Beecher native and Crete-Monee graduate Lucas Spence celebrates a home run for Double-A Corpus Christi. Photo by Natalie Kotz/Corpus Christi Hooks

Lucas Spence made a career decision before his freshman year in high school.

He could have been a two-sport athlete for Crete-Monee in football and baseball. He is now 6-foot-1 and 195 pounds but back then, he said he was “undersized” to play football.

So he made a big decision.

“Getting knocked around your freshman year didn’t sound like a good deal for me,” Spence told the Vedette.

So, it was goodbye football and hello to concentrating solely on baseball. That proved to be a good deal for him.

After signing an undrafted free-agent contract with the Houston Astros organization in 2024, Spence is rising in the ranks this year.

He started in Low Class-A ball at Fayetteville, was promoted to High-A Asheville and on Aug. 5 made the jump to Double-A Corpus Christi.

Spence was named the organization’s Future Player of the Week when he hit .333 with two doubles and two homers in the six-game stretch for the Hooks. Through Aug. 15, the left-handed outfielder was hitting .256 with nine homers, 48 RBI and 22 stolen bases across all levels. 

Spence, who grew up in unincorporated Crete and had a Beecher address, said he has been working hard for this since leaving SIU Edwardsville last year. 

“I always thought that if I put the time in, the results will come,” Spence said. “Fortunately, this year has gone well for me.

“But, of course, coming out of a small town like Beecher, you don’t expect it.
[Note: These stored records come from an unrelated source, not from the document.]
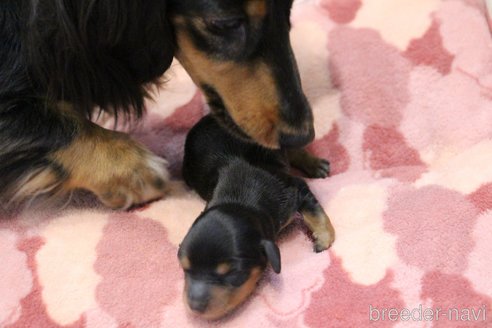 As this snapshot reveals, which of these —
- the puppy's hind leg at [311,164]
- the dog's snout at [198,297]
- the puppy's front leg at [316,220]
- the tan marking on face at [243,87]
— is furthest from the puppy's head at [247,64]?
the dog's snout at [198,297]

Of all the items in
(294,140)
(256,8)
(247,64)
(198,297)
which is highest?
(256,8)

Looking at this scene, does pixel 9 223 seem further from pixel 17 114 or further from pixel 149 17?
pixel 149 17

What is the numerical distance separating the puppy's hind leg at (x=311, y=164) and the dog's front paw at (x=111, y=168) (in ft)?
1.11

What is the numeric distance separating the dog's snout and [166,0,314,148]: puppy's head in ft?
1.08

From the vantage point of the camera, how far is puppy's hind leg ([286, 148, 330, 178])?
4.78 ft

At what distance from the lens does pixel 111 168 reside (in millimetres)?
1270

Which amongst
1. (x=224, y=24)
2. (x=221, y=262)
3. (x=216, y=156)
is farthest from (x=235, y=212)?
(x=224, y=24)

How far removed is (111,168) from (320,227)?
0.45 m

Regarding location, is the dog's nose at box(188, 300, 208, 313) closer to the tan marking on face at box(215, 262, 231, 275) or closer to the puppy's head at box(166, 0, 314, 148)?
the tan marking on face at box(215, 262, 231, 275)

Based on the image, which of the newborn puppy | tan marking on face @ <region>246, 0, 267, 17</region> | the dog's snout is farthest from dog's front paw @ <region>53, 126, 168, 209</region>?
tan marking on face @ <region>246, 0, 267, 17</region>

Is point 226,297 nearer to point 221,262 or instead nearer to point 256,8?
point 221,262

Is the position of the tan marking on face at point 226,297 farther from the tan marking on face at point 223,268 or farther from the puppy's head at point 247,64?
the puppy's head at point 247,64

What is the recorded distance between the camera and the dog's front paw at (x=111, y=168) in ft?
4.13

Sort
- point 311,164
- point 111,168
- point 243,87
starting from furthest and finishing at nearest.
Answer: point 311,164
point 111,168
point 243,87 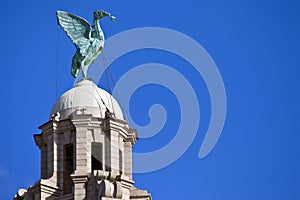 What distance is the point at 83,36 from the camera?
92.2 m

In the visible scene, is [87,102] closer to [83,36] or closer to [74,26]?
[83,36]

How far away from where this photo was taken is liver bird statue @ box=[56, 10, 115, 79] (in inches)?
3580

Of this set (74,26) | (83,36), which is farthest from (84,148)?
(74,26)

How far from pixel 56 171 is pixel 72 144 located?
7.59 ft

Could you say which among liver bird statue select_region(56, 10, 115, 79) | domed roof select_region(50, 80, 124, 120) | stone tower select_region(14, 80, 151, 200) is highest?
liver bird statue select_region(56, 10, 115, 79)

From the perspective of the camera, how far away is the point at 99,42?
91500mm

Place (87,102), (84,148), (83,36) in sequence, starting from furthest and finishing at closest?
(83,36) → (87,102) → (84,148)

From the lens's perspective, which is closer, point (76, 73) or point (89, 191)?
point (89, 191)

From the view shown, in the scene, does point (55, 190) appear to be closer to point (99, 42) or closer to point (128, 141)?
point (128, 141)

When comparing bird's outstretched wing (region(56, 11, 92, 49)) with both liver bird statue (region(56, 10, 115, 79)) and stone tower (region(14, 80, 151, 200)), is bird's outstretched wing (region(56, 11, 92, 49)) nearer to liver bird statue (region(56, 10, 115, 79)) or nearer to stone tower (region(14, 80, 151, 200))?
liver bird statue (region(56, 10, 115, 79))

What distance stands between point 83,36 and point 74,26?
118 cm

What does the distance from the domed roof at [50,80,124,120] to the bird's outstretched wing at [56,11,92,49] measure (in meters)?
4.38

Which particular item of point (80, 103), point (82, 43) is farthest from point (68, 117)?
point (82, 43)

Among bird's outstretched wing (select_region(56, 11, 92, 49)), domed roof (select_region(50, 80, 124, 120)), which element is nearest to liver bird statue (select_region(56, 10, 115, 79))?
bird's outstretched wing (select_region(56, 11, 92, 49)) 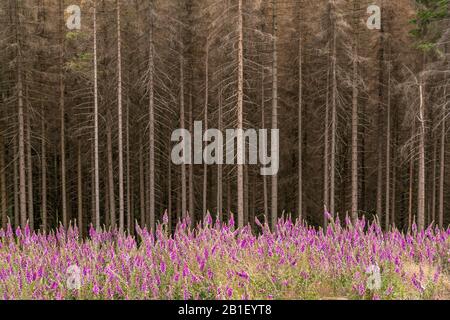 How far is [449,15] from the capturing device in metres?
18.7

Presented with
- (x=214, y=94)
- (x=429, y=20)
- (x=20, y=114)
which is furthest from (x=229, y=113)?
(x=429, y=20)

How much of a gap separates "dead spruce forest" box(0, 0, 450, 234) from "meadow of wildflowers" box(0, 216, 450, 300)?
11558 millimetres

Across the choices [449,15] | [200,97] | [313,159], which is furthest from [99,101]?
[449,15]

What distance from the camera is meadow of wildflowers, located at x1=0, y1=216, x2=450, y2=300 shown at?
4148mm

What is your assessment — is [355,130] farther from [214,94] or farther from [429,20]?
[214,94]

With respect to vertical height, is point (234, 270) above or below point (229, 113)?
below

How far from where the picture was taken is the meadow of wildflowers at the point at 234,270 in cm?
415

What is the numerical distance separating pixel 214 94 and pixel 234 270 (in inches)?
869

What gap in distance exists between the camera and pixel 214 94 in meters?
25.9

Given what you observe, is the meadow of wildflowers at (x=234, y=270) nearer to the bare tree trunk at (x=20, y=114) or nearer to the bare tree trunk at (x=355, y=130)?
the bare tree trunk at (x=355, y=130)

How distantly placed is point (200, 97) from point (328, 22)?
8038 millimetres

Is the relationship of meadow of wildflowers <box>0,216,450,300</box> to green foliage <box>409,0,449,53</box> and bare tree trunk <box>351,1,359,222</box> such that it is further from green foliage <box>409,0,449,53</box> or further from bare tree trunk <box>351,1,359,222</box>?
green foliage <box>409,0,449,53</box>

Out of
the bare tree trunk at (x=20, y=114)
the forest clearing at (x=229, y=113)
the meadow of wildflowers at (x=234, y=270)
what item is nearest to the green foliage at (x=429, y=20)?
the forest clearing at (x=229, y=113)

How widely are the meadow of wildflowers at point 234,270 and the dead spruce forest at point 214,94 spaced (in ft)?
37.9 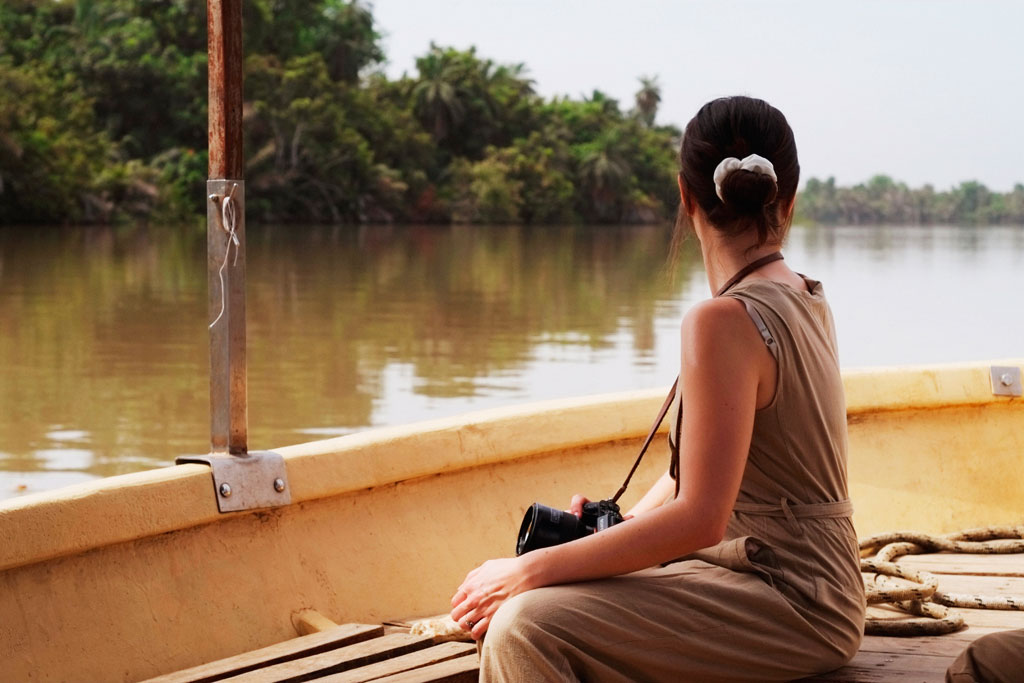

Growing up, you tell everyone you want to play professional baseball. But you have to take it one year at a time after college. It’s a good feeling, for sure.”

Crete-Monee baseball coach Brad Meyer, who was an assistant under Matt Mueller when Spence played for the Warriors, said he is not surprised by Spence’s rise in pro ball.

“To be honest with you, I expected it,” Meyer told the Vedette. “He was the one kid who I saw and said, ‘That kid’s got it.’ It didn’t matter where you pitched the ball, Lucas Spence was going with that pitch. He could hit the ball in the left-center gap and run for days.”

Meyer said Spence’s swing was always something special.

“I could watch Lucas play all day long,” Meyer said. “I love his swing and how hard he plays the game. He was also one of our better pitchers, too. I’m grateful to be able to coach him.”

Aside from working hard on his game, Spence said he is not doing much different.

“I’m sticking to who I am as a hitter,” he said. “I’m not trying to do too much. I’m not doing too much for power — I’m more of an average guy and sticking to that and understanding what my role is on the team. This is what I’ve done through most of my career.”

The jump to Double-A has worked for him so far.

“They say it’s one of the biggest adjustments you can  make,” Spence said of going from Class A to Double-A. “The competition is tough but nothing the team hasn’t prepared me for. They have all of these metrics to help you get prepared for it.”